The Commonwealth of Puerto Rico and its Department of Health (collectively, "the Commonwealth") have asked the court via motion (Docket No. 1506) to reconsider its denial of their request that it issue an order requiring the independent court monitor in this case, Dr. Sylvia Fernandez-Colorado, to enter into a professional services contract with the Commonwealth. The court hereby DENIES said motion, and hence, reaffirms its earlier ruling at Docket Nos. 1495 & 1503.

This case dates back to 1999 when the United States of America, through its Department of Justice, Civil Rights Division, filed suit against the Commonwealth to vindicate the constitutional and statutory rights of United States citizens with developmental disabilities, such as Autism, Down's Syndrome and mental retardation. Historically, this vulnerable population with special needs has been deprived of the right to receive adequate and appropriate services and supports in the most integral community setting. See, e.g., Title II of the Americans with Disabilities Act, 42 U.S.C. §§ 12131-12134 (Part A), and the Civil Rights of Institutionalized Persons Act, 42 U.S.C. § 1997; Olmstead v.
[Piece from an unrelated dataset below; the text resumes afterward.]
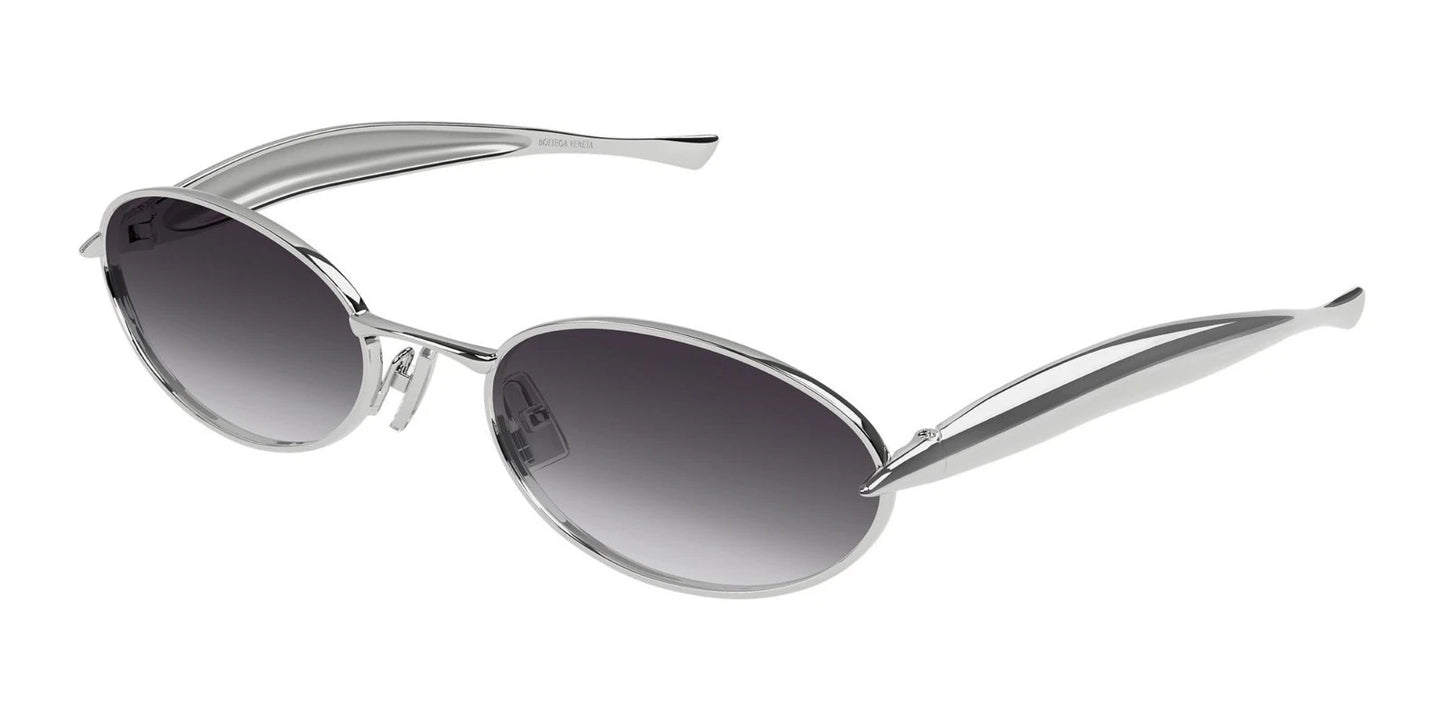 Bottega Veneta BOTTEGA VENETA-BV1386S-003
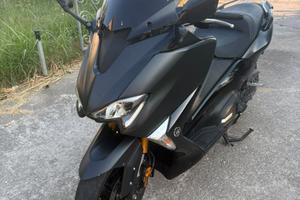 Tmax 530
L.C., 527 U.S. 581, 119 S.Ct. 2176, 144 L.Ed.2d 540 (1999).

Since July 20, 2000, the undersigned and his two esteemed predecessors, Judge Juan M. Perez-Gimenez and Judge Jay Garcia-Gregory have repeatedly endorsed settlement orders and judgments establishing that the monitor herein, known as the Joint Compliance Coordinator ("JCC") is an independent monitoring judicial official, and not a mere consultant for any of the parties. See e.g., Interim Settlement Agreement of April 30, 1999, (Docket No. 2); Supplemental Interim Settlement Agreement of April 14, 2000 (Docket No. 15); and Joint Compliance Action Plan of October 6, 2011 (Docket No. 1181).
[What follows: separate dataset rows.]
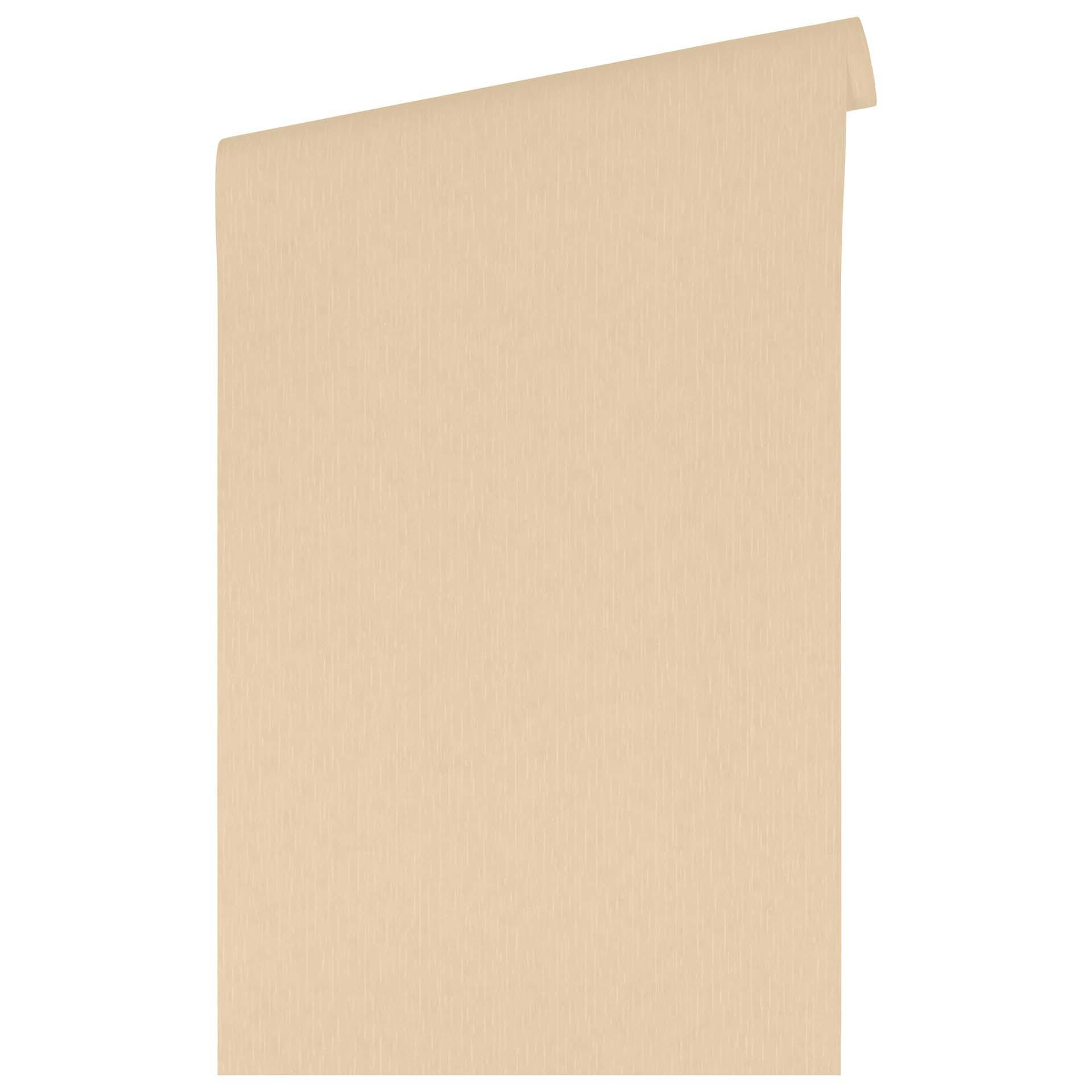 Versace designer tapet unit tapet i beige non-woven tapet monokromt
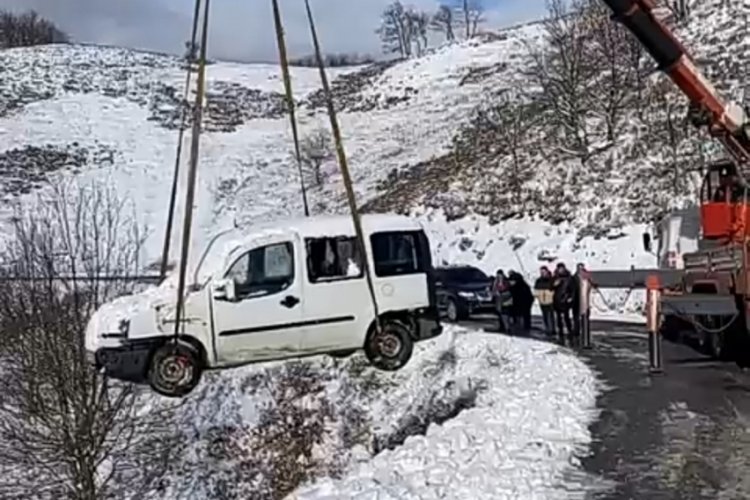 بورصة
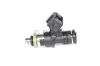 Форсунка бензинова BOSCH 0 280 158 335 (фото 6)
Fourteen years after the outset of this federal case, and five local administrations later, the Commonwealth justifies the need for a contract based on House Bill No. 1922 of April 30, 2014 known as "the Law of Fiscal Sustainability of the Commonwealth of Puerto Rico", which if enacted would establish constraints regarding the use of public monies.1 Because the monitor and his staff are compensated from public funds deposited with the Clerk of the Court, and these funds are approved by the local legislature, the Commonwealth posits that without such contract it would unlawfully be disbursing public funds. Likewise, it alludes to the Puerto Rico Government Accounting Act of 1974, P.R. LAWS ANN. tit. 3 § 283, which requires all government obligations that require payments within a fiscal year to be recorded in contract form.
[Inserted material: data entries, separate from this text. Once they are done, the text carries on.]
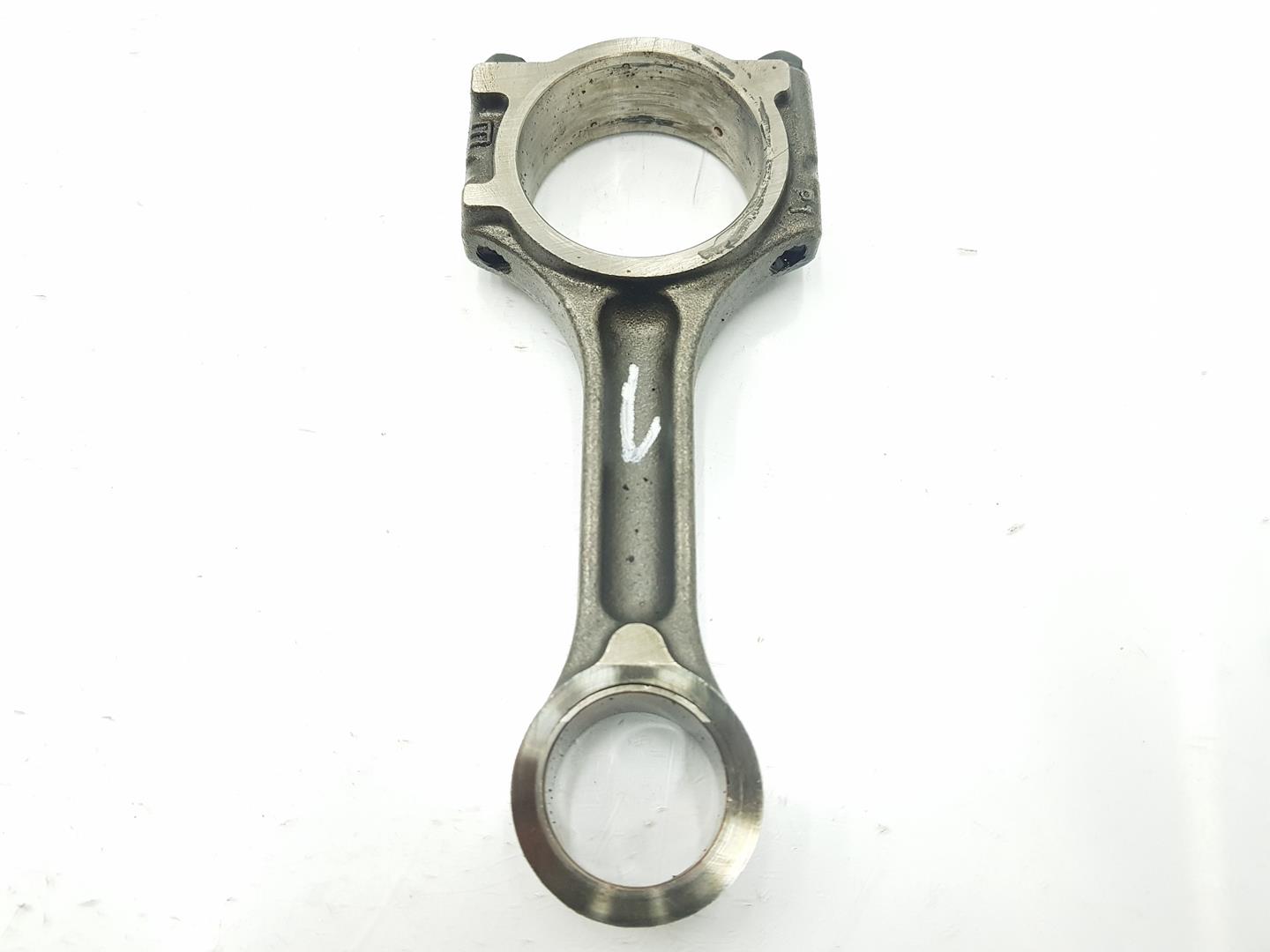 RENAULT Scenic 3 generation (2009-2015) Connecting Rod 121004759R, 121004759R, 1151CB2222DL 21335101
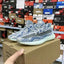Adidass Yeezy Boost 350 v2 MX Frost Blue Semi UA With Full Accessories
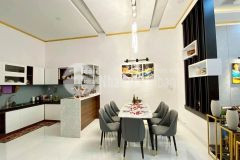 Bán nhà riêng phố bà triệu hà đông siêu rẻ siêu đẹp 35m2 3.2 tỷ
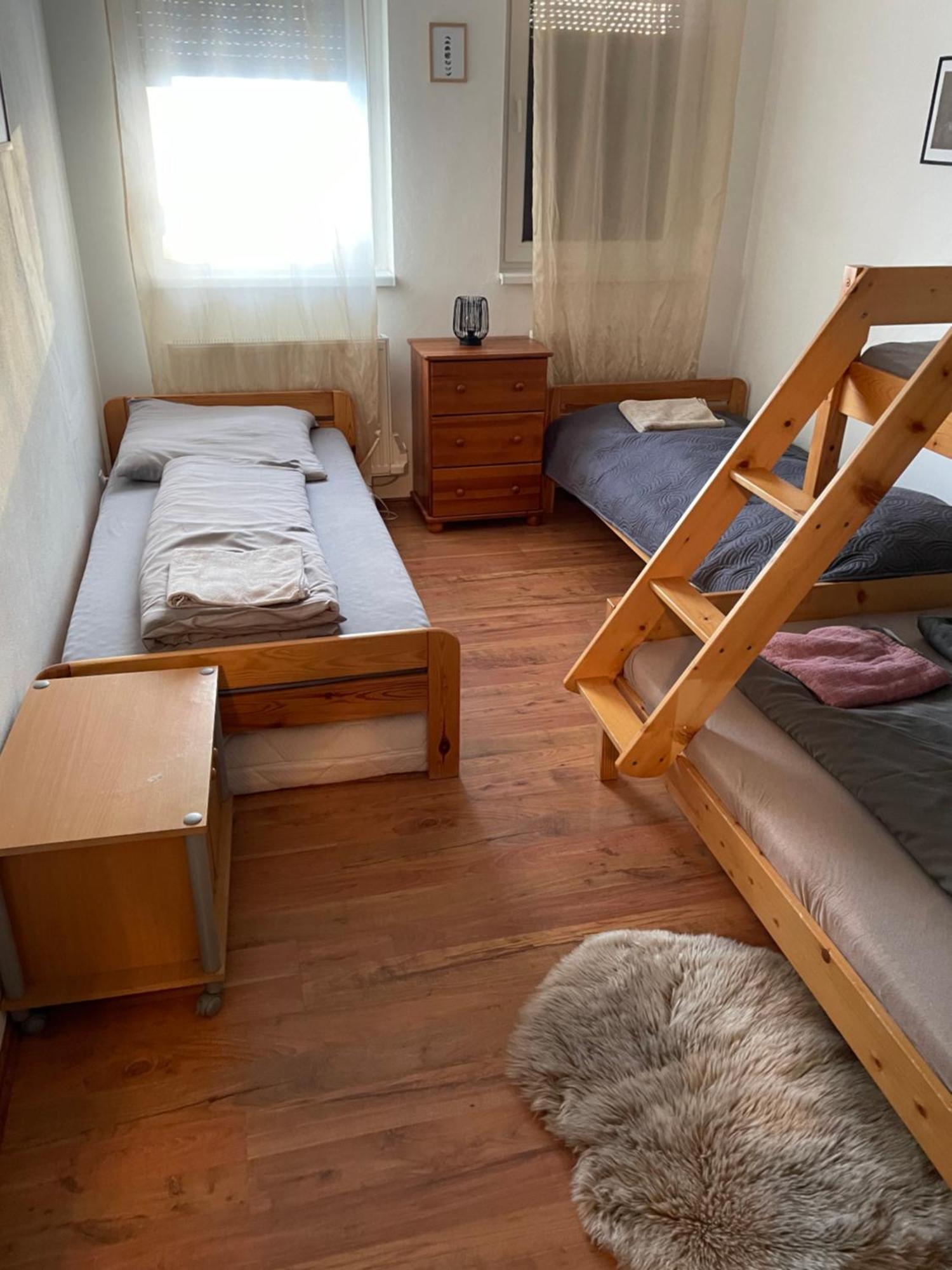 Útulný apartmán 50m od lyžiarskeho vleku Triangel Donovaly Exterior foto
The preceding arguments do not prevail. The court in this case retains jurisdiction to enforce the parties' settlement agreement, which is akin to a consent decree. In order to effectively do so, the court has the authority to order any remedy that vindicates federal rights, more so as here in the context of an extended structured reform. Thus, otherwise valid Commonwealth laws cannot stand in the way of a federal court's remedial scheme insofar as enforcement thereof is concerned. See Hook v. Arizona Dept. of Corr., 107 F.3d 1397, 1402-03 (9th Cir.1997).

At present, significant remedial issues remain unresolved in this case, and require independent court monitoring. For example, placement in adequate community homes, employment and health services are a few such areas. The JCC has always been the eyes and ears of this court. Forcing the JCC to sign a contract with the Commonwealth would thus frustrate this officer's raison d'etre.

Currently, the JCC responds only to the court and is a deputized federal officer. All JCC expenses are managed, scrutinized and ultimately approved by the court and form part of the public record. This process safeguards both fiduciary and ethical principles. Forcing a federal court monitor to sign a contract with the Commonwealth would frustrate the court's long-standing interest of an independent judicial officer. The JCC, in turn, would readily be accountable to the Commonwealth's legislative branch, as well as the Government Ethics and Comptroller's offices. Any validly federal court-authorized action could result in a local legislative or executive investigation. More so, with every change in administration, the new incumbent officials could also freeze, rescind, modify or decide not to renew the JCC's contract, treating the same as any other professional services agreement. This all runs counter to the court's unflagging obligation to enforce the Nation's Constitution and laws.

Finally, throughout the past year, the JCC has faced countless obstacles from the Health Department in obtaining documents and information. Hence, even more the greater need for an independent monitoring judicial officer.

SO ORDERED.

FootNotes


1. As of the time of issuance of this order, both the Commonwealth's House and Senate had approved the measure.